- [Assigned task] Exclude the pictures, then copy all remaining records exactly.
(Material to process Opens)
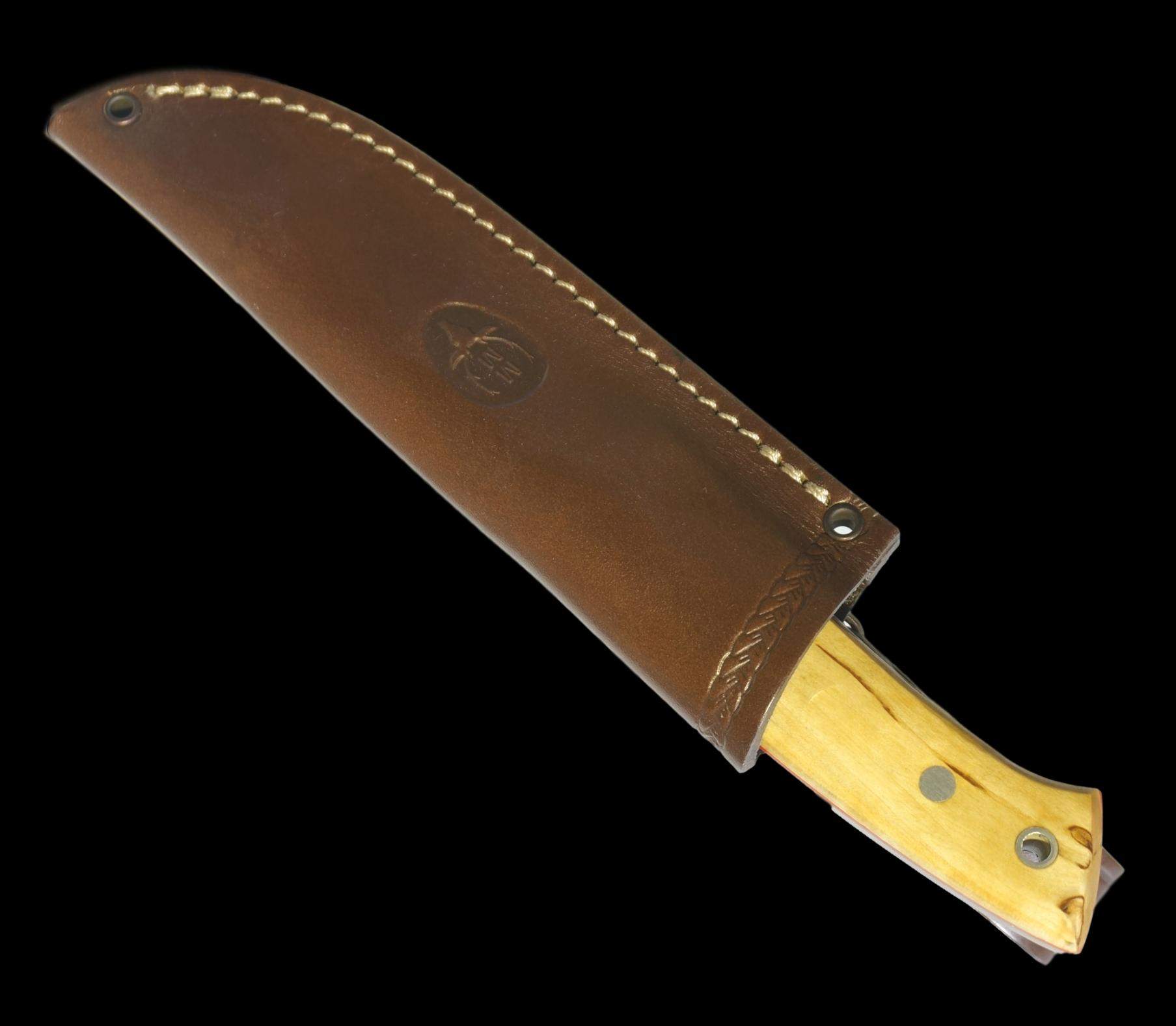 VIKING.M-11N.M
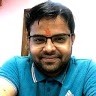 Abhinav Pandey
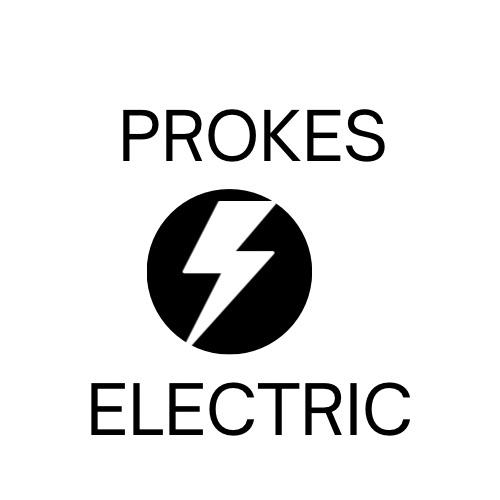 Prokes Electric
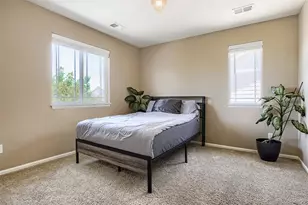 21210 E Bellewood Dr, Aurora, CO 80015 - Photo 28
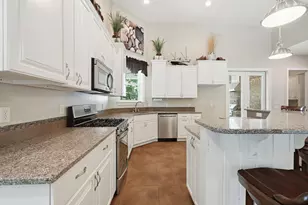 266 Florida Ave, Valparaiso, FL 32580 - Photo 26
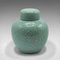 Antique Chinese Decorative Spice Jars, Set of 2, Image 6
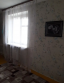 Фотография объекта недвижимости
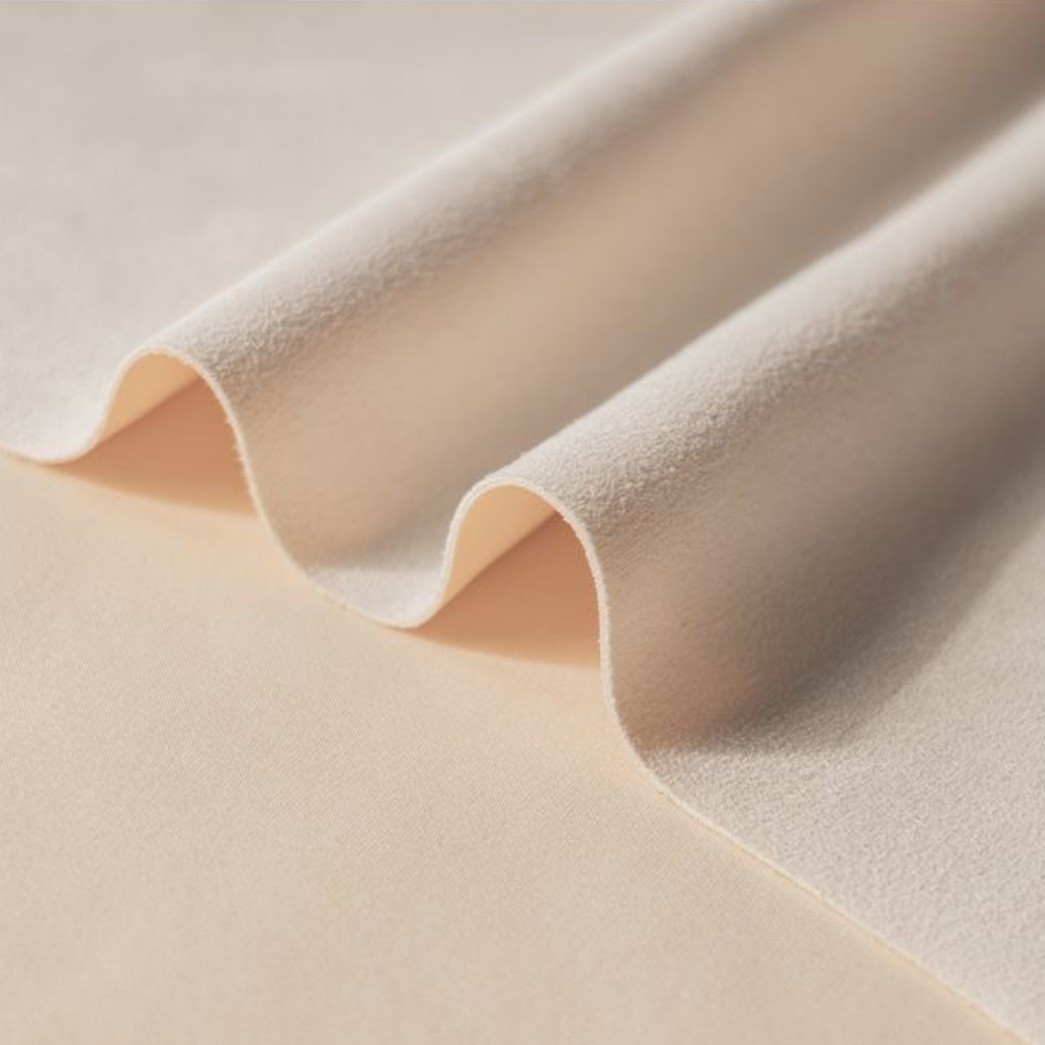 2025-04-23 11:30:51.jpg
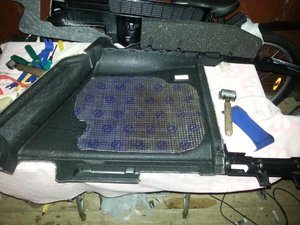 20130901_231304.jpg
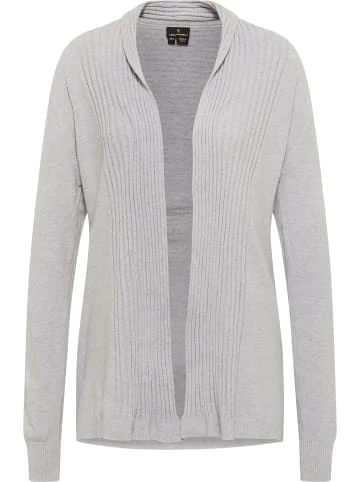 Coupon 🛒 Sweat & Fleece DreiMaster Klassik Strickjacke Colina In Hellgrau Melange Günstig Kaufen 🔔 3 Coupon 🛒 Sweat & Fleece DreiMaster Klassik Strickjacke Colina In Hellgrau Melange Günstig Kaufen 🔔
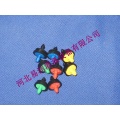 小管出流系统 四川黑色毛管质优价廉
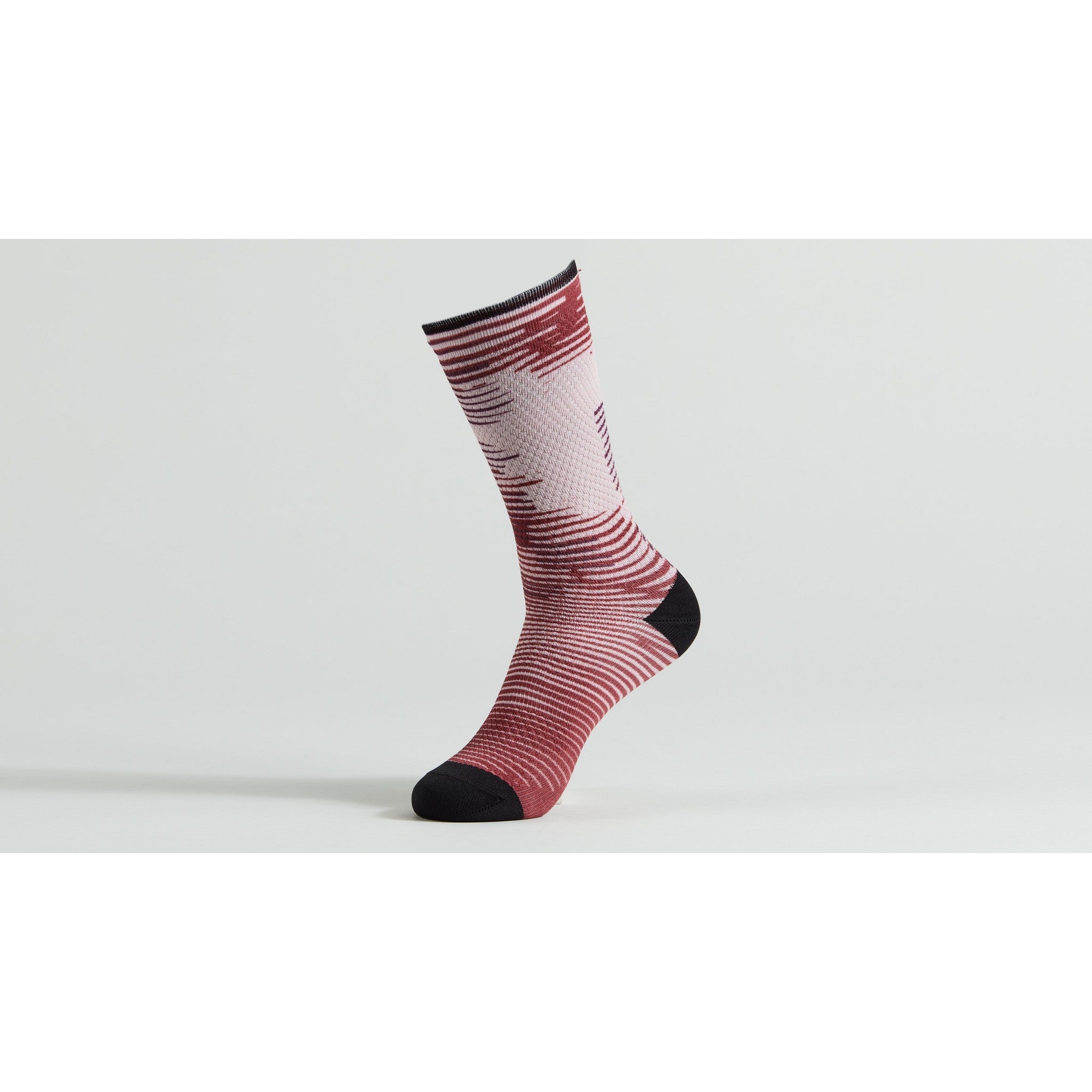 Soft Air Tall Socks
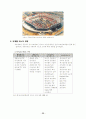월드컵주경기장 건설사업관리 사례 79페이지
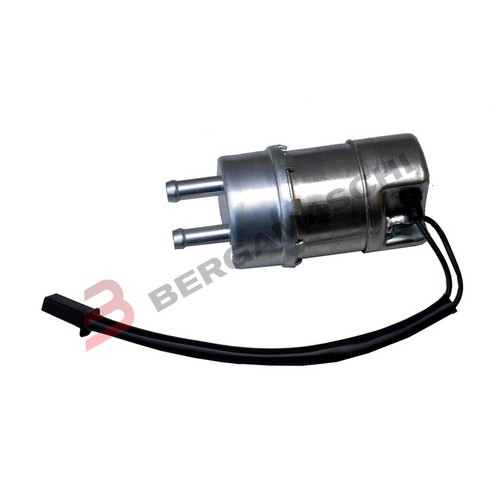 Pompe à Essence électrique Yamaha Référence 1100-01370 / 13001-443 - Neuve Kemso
(Material to process Closes)
- [Written answer]
 VIKING.M-11N.M
 Abhinav Pandey
 Prokes Electric
 21210 E Bellewood Dr, Aurora, CO 80015 - Photo 28
 266 Florida Ave, Valparaiso, FL 32580 - Photo 26
 Antique Chinese Decorative Spice Jars, Set of 2, Image 6
 Фотография объекта недвижимости
 2025-04-23 11:30:51.jpg
 20130901_231304.jpg
 Coupon 🛒 Sweat & Fleece DreiMaster Klassik Strickjacke Colina In Hellgrau Melange Günstig Kaufen 🔔 3 Coupon 🛒 Sweat & Fleece DreiMaster Klassik Strickjacke Colina In Hellgrau Melange Günstig Kaufen 🔔
 小管出流系统 四川黑色毛管质优价廉
 Soft Air Tall Socks
월드컵주경기장 건설사업관리 사례 79페이지
 Pompe à Essence électrique Yamaha Référence 1100-01370 / 13001-443 - Neuve Kemso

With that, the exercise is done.